Бывший заключенный московской Бутырской тюрьмы рассказывает, что в 1933 году в камеру, предназначенную для 24 человек, было втиснуто 72. В ноябре 1937 года в ней было уже 140 человек.[56] 110 женщин находились в камере, предназначенной для 25. В этой камере стояло несколько кроватей, несколько больших ведер-параш и стол. Весь пол был устлан досками, на которых спали. Заключенные не могли спать на спине, а только на боку. Если кто-то хотел повернуться, то должен был согласовать это со всеми остальными, спящими по обе стороны от него, чтобы все могли повернуться одновременно.[57] В камере, рассчитанной на 24 человека, помещалось по 70, 80 и 95 человек.[58]
Приведенные выше описания, сделанные бывшими заключенными, касаются в основном тюрем Москвы, Ленинграда и Киева. Условия в них были гораздо лучше, чем в провинциальных тюрьмах.
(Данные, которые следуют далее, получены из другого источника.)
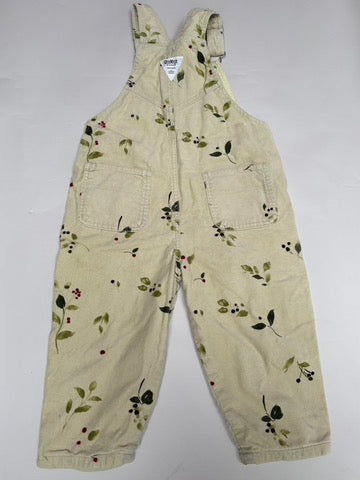 salopette Oshkosh (3 jaar)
Рассказывают, что заключенные из Челябинска или Свердловска, попадая в переполненные камеры Бутырок, были в восторге. «Здесь просто курорт, — заявляли они, — по сравнению с тем, что мы видели раньше».[59] Когда арестованных накапливалось слишком много, то в Сибири, например, выкапывали в земле ямы, покрывали крышей и сгоняли в них арестованных. К осени 1937 года в харьковской тюрьме, предназначенной для восьмисот человек, находилось двенадцать тысяч.[60]
Проблема перенаселенности решалась по-разному. В Москве заключенных заставляли спать под кроватями и на досках, уложенных между кроватями. Этим способом можно было разместить троих на одном квадратном метре. В провинциальных тюрьмах не было ни кроватей, ни досок, и арестованных сгоняли в кучу. Спали на боку в несколько рядов. Иногда скученность достигала такого предела, что половине заключенных приходилось стоять, в то время как другая половина спала.[61]
В каждой камере избирался староста, который отвечал за поддержание порядка, распределение спальных мест и т. д. Вновь прибывшего помещали вплотную к вонючей «параше», а затем, по мере того как увеличивался его стаж, он удалялся от «параши» все дальше и дальше.
Утренний туалет длился недолго. Например, 110 женщин, в распоряжении которых было 5 мест в уборной и 10 кранов, должны были управиться в 40 минут.[62] До того, как тюрьмы были переполнены, заключенных в больших городах раз в десять дней водили в баню. Им выдавали достаточно мыла и регулярно дезинфицировали одежду и белье. В провинциальных тюрьмах было много грязнее.
Во время ежовщины дневной рацион состоял из 500–600 граммов черного хлеба, 20 граммов сахара и жидкого капустного супа два раза в день. В некоторых тюрьмах три раза в день выдавали горячую воду и по столовой ложке крупы. В Бутырках суп из капусты чередовался с ухой, плюс к этому выдавали около 400 граммов черного хлеба, а вечером — кашу. Женщина, сидевшая тогда в тюрьме, вспоминает: это было хуже, чем до ареста в ее голодном городе — даже после того как она потеряла мужа и сына, но все-таки гораздо лучше, чем в лагерях.[63]